This odd fairytale (with German subtitles) about the strangely beautiful relationship between German farm girl Emma (Triebel) and terminally ill car salesman Max (Vogel) has a charm and humanity all of its own.

Max, we learn by witnessing a couple of short conversations with fellow workers at his car dealership after his diagnosis with pancreatic cancer, has led a fairly dull life. His terminal illness injects some unwanted pace and drama into his existence, however, although at first it seems as though even this tragic change will be the final mundane act in a mundane life.

Near suicidal, he speeds off down the German motorway with thousands of stolen euro taken from the car dealership he owns in partnership with his friend Hans (Feifel). Seemingly intent on destruction, he is saved by a remarkable occurrence of chance, which brings him into the life of Emma.

During Max's existential crisis, Emma has been unsuccessfully trying to deal with problems of her own. Short of money, she is struggling to keep her old style farm going and simultaneously trying to fend off the unwanted attentions of a local police officer (Solbach). Initially, Max's arrival dramatic arrival promises a reprieve if little else, as Emma finds his money.

Soon enough, however, a closer bond develops between the pair and they begin a romantic relationship.

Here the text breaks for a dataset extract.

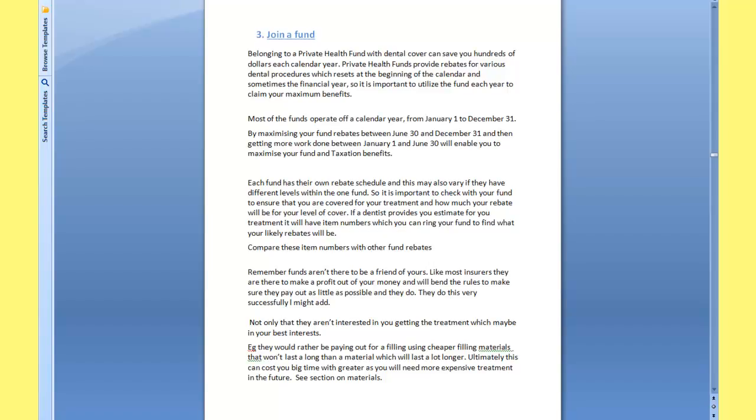Today we're going to talk about health funds. First, let's take on the good points. They can save you hundreds of dollars every year by getting rebates back for various work that is done.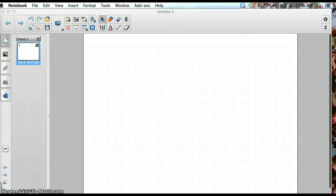Boys and girls, today we are going to be working with our Smart Notebook software and we are going to be creating a collage.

The story of a terminally ill inhabitant of an anodyne, hyper-modern Germany meeting and falling in love with a lusty German farm girl may have too much of a whiff of wish fulfilment about it but it many ways, that's the point.

It is likely to prove 'too much' only if you wilfully resist falling for the spirit of the thing. For those who allow themselves to be carried along, there's a unique blend of humour, tragedy and an authentically touching story.

Directed with tenderness and subtlety, beautifully shot and skilfully acted - and with a challenging and powerful ending - this is well worth seeing.